Some cameras may have difficulty focusing on a quickly moving subject that is simultaneously above and below the water, regardless of where you place your focus point. Taking multiple shots or enabling rapid firing will increase the chances that you will get some images
you like.

Postprocessing Tips

Even the best underwater photographers use postprocessing tools such as Adobe Lightroom or Photoshop to polish their finished products. For over-unders, two of the most helpful tools are the spot removal tool to remove water droplets and the graduated filter.

The underwater portion of the image will always be darker than the topside portion due to water absorbing more light than air does. As the sun dips lower in the sky, more light reflects off the surface, so early-morning and late-afternoon light will have greater exposure differentials.

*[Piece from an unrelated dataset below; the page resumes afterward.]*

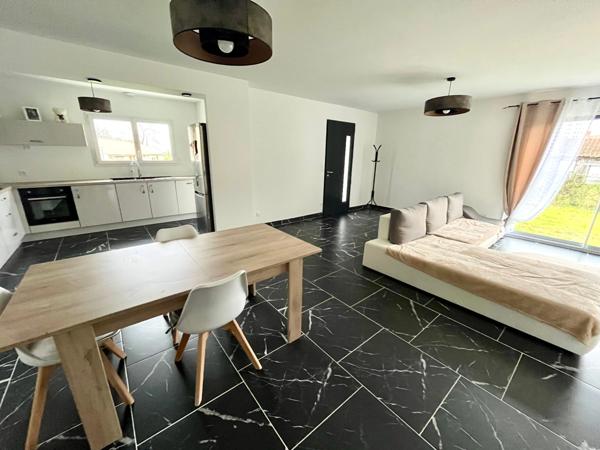 SAINT CYR EN TALMONDAIS (85) A 15 MIN DES PLAGES VILLA PLAIN PIED GRAND CONFORT 3 CHAMBRES HANGAR JARDIN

The graduated filter and adjustment brush can brighten dark areas and darken the relatively overexposed ones. When you lose detail to significant overexposure, however, no postprocessing tool can bring it back.

For Snell’s window shots, it can also be useful to decrease the highlights in the sky. For reflections, you can often improve your pictures by using the dehaze slider to minimize any overexposed areas and increase the contrast and clarity of the reflections.

These final adjustments can provide the elegant finishing touches to refine pictures taken within the Plimsoll interface.